La tarde del sábado, Humberto Giambastiani toma el bus 418 del Transantiago junto a su hija de cinco años. Al volante de la enorme oruga de metal, está una mujer, Sandra Lavados, que conduce a Giambastiani junto a la pequeña, y a otros 15 pasajeros desde el sur de la capital hasta el sector oriente de la ciudad, hacia lo alto de La Reina, en un recorrido que ya le es habitual. Lo inusual de ese viaje es que la pequeña comienza primero a quejarse, luego llorar y le dice a su padre que ya no quiere jugar. Giambastiani insiste en perturbar a la menor, aunque ya siente la mirada de la conductora que lo observa desde el espejo retrovisor, y a pesar de ello continúa tocando los genitales de la niña ante la perpleja inmovilidad de los otros pasajeros. La chiquita se resiste, y él la amenaza con quitarle los zapatos si no se deja explorar con el lápiz que el hombre sostiene en sus manos y con el que va recorriendo sus partes íntimas.
Sandra aprieta el volante con indignación y una pasajera le acerca un celular para que llame a Carabineros. La llamada no es comprendida: un hombre tocando a una pequeña en un bus en plena circulación, debe ser una tomadura de pelo del graciosito de turno. Sandra sigue manejando con dificultad, las lágrimas caen impávidas por su rostro impotente. Giambastiani le sostiene la mirada, la provoca, como si la pequeña fuera sólo un muñeco humano que podría ser ella… En Orientales con Tobalaba, Sandra detiene la enorme máquina, deja el volante y se abalanza sobre él para pegarle. Detrás de ella, otros pasajeros comienzan a golpear al hombre que les termina siendo arrebatado por Carabineros para llevarlo detenido.
La pequeña no entiende por qué la conductora del bus le pega a quien ella desde hace dos años llama padre. No entiende por qué esas 15 personas no quieren a Giambastiani.
El testimonio de la conductora del bus es acaso uno de los relatos más impactantes del último tiempo. “Nadie hacía nada”, dijo aún conmovida.

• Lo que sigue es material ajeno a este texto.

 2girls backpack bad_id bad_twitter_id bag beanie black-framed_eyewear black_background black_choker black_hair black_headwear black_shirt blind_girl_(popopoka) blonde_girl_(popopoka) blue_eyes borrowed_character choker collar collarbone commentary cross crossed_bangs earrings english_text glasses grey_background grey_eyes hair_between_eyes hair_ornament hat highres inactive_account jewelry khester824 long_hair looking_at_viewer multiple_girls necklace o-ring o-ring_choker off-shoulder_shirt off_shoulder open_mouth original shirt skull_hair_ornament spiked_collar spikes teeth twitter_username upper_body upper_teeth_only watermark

¿Cómo se puede entender que a vista y paciencia de un grupo de adultos un hombre se atreva a violentar sexualmente a una menor de cinco años al interior de un bus que recorre las calles de nuestra capital? Son demasiados los “Giambastianis” que a diario están abusando de menores y a los que la sociedad chilena observa sin atreverse a detenerlos de manera ejemplar. Se ha preferido cuidar la propiedad, proteger las inversiones, dar un marco jurídico confiable para generar riqueza, que cuidar el cuerpo de nuestras hijas e hijos cuyas vejaciones son conocidas a diario a través de los medios de comunicación frente a la mirada impávida de millones de chilenos. De la misma manera como esas 15 personas no tuvieron la fuerza para detener a un insano abusador que se atrevió a mostrar su habitual y denigrante práctica en público, es que como sociedad no tenemos la fuerza para decir basta y exigir un marco legal que haga justicia de manera ejemplar para quienes abusan de personas que hoy tienen minoría de edad, pero que pronto serán mujeres y hombres con heridas profundas que quedarán sangrando durante todas sus vidas.
Los “Giambastianis” que se visten de tíos, primos, padres y abuelos se pasean tranquilos en una sociedad demasiado ensimismada, excitada en su propio juego, donde el erotismo en torno al dinero y al poder tiene a sus ciudadanos sedientos y perdidos, como pasajeros cómplices de un viaje que más pareciera conducir al infierno. Una sociedad que acepta que estos delitos pueden “prescribir”, extinguiéndose la acción penal, como si el trauma del menor violentado se acabara de manera definitiva, en una fecha determinada por acción de alguna sentencia mágica y sanadora. Una sociedad que es capaz de resistir que algunos de estos abusadores sean sacerdotes y paguen sus monstruosas acciones en cómoda penitencia de aislamiento parcial…
Son estas las veces que se recuerda a la más lúcida de las niñas, a Mafalda, y dan ganas de apretar el botón rojo de este bus para decir: “Paren el mundo, que me quiero bajar”.